There are 210 data items. Each represents one of three species of wheat seeds: Kama = 1, Rosa = 2, Canadian = 3. There are 70 of each species. The first 7 values on each line are the predictors: area, perimeter, compactness, length, width, asymmetry, groove. The eighth value is the one-based encoded species.

If you could reduce each data item that has 7 predictors down to a vector with just 2 values, then you could plot the data on a graph to see if there’s anything interesting. The classical technique to reduce dimensionality is principal component analysis (PCA). I noticed a scikit-learn library (aka scikit or sklearn) documentation example that shows dimensionality reduction using linear discriminant analysis (LDA). I hadn’t thought about this idea before so I figured I’d investigate.

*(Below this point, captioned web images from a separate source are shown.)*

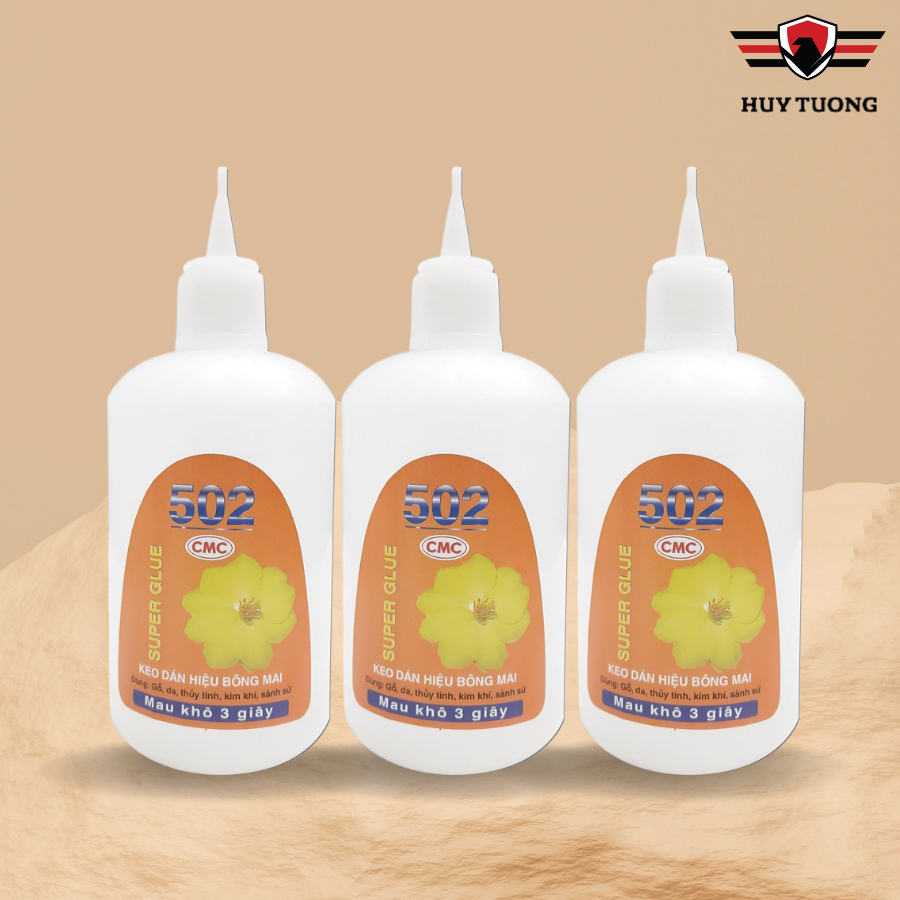 Keo dán sắt, dán gỗ, dán nhựa, dán cao su... đa năng 502 loại chai lớn 100ml cao cấp - BetterLife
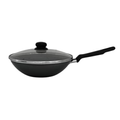 Imagem da oferta Frigideira Funda Antiaderente Wok Com Tampa- Tramontina (Grafite 24 Cm)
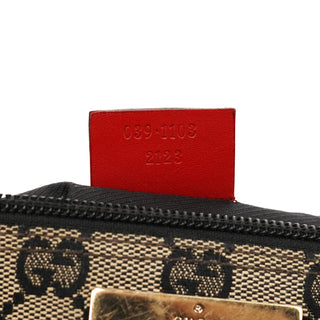 039 1103 Beige Red GG Boat Pochette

Before I go any further, let me note that, in many scenarios, using PCA for dimensionality reduction is a better option than using LDA because LDA requires labeled data but PCA does not. And, using a neural network autoencoder for dimensionality reduction is often better than either PCA or LDA because PCA and LDA make several often unrealistic assumptions such as the predictor variables are Gaussian distributed. (But a neural autoencoder is more difficult to tune).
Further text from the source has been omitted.